Chambers tient à ce que ses œuvres soient toujours belles. « Mais elles ont peu de valeur si elles ne disent rien », ajoute-t-elle. Réalisés au crochet, les cercles qui composent son exposition représentent la famille, et le réseau de fils qui les relient nous représente tous. Privé d’un trop grand nombre de ces fils, l’ensemble perd de sa stabilité. Chaque cercle est relié aux autres par des réseaux et des fils uniques qui représentent les gens avec qui nous sommes en lien en dehors de la communauté. Et les cercles vides sont ceux des personnes qui nous ont quittés et de celles qui viendront. Chambers souhaite que nous réfléchissions véritablement à ce qui nous unit comme communauté, mais son message ne s’arrête pas là. À la fin de l’exposition, le démantèlement et la réutilisation de l’installation ailleurs au Canada nous rappellera qu’il est possible de démonter quelque chose, d’en retirer les parties qui ne fonctionnent pas et d’en reconstruire une version améliorée.
L’artiste métisse est tout à fait consciente que les discussions qu’elle espère déclencher entraîneront une part de malaise. Mais pour que son œuvre soit accessible, de façon à ce qu’elle permette ce dialogue, Tracey-Mae se sert de laine et de fils, matériaux inoffensifs et apaisants, pour lancer des discussions potentiellement difficiles.
C’est aussi le bon moment pour tenir ces discussions en famille. « Il est très positif que l’on parle de ça dans les écoles du Canada, estime Chambers. Quand les enfants voient quelque chose comme cette œuvre, beaucoup savent déjà ce qu’est un pensionnat autochtone, et un lien se crée entre (le point de vue de) l’adulte et l’enfant. »
Grâce à leur usage de matériaux non traditionnels, les artistes sont particulièrement bien placés pour encourager ces discussions et réflexions, croit Chambers.
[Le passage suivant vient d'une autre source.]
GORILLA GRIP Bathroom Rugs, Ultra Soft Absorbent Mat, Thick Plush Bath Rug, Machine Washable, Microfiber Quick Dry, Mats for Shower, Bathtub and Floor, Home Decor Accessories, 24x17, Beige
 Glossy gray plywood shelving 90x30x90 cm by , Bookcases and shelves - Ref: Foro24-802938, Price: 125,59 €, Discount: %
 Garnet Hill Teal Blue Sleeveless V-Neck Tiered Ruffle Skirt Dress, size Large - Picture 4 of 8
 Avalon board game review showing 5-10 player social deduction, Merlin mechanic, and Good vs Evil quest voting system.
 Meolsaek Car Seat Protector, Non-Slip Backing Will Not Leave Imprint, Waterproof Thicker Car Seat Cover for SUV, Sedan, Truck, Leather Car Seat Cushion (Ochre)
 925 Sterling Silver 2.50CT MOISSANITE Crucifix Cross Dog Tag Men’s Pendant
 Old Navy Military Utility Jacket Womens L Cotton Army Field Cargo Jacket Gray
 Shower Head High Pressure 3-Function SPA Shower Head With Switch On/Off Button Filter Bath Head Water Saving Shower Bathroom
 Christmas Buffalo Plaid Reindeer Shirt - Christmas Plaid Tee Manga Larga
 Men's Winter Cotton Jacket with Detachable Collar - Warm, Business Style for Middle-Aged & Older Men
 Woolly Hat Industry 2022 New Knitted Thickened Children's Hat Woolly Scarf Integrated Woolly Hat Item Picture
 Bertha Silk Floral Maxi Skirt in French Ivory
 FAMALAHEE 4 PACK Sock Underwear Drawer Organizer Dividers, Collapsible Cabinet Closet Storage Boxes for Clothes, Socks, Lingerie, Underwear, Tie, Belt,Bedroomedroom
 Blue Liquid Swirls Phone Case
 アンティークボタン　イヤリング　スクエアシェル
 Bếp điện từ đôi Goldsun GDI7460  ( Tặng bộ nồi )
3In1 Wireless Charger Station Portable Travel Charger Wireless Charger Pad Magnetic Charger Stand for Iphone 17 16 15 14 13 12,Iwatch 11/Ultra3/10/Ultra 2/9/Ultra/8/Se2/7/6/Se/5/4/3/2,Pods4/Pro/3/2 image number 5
Dans un monde gangrené par la rhétorique politique, elle estime que les artistes peuvent nous faire entendre « la voix de la raison ». Un point de vue modéré selon lequel il nous est possible de bien nous entendre.
Mais par-dessus tout, les artistes sont passionnés et déterminés à transmettre le message. Ils ne baissent pas les bras devant les difficultés. Ils reconnaissent la nécessité de persévérer quand le malheur qui s’abat tout autour entrave les efforts. Chambers a perdu son fils, mort d’une surdose d’opioïdes en février 2023, après avoir perdu son père six mois auparavant. Mais elle continue malgré tout, stoïque, car pour elle, le message est important.
« Notre rôle consiste à aborder les sujets douloureux, parce qu’il est plus facile de digérer ça (l’art) qu’un quelconque document, affirme Chambers. La plupart des gens ne pouvaient pas lire les 94 recommandations du rapport sur la Vérité et la Réconciliation : c’était trop pour eux. »
Le monde empreint de justice et d’équité qu’envisage Chambers ne se matérialisera pas du jour au lendemain, et elle le sait. Elle n’a pas non plus toutes les réponses. Mais pour elle, si après avoir vu son œuvre, les gens tiennent des propos plus nuancés, ce sera un grand pas en avant.
L’installation artistique #espoiretguérisoncanada de Tracey-Mae Chambers est exposée au Centre d’apprentissage du Musée de l’agriculture et de l’alimentation du Canada jusqu’à octobre 2023.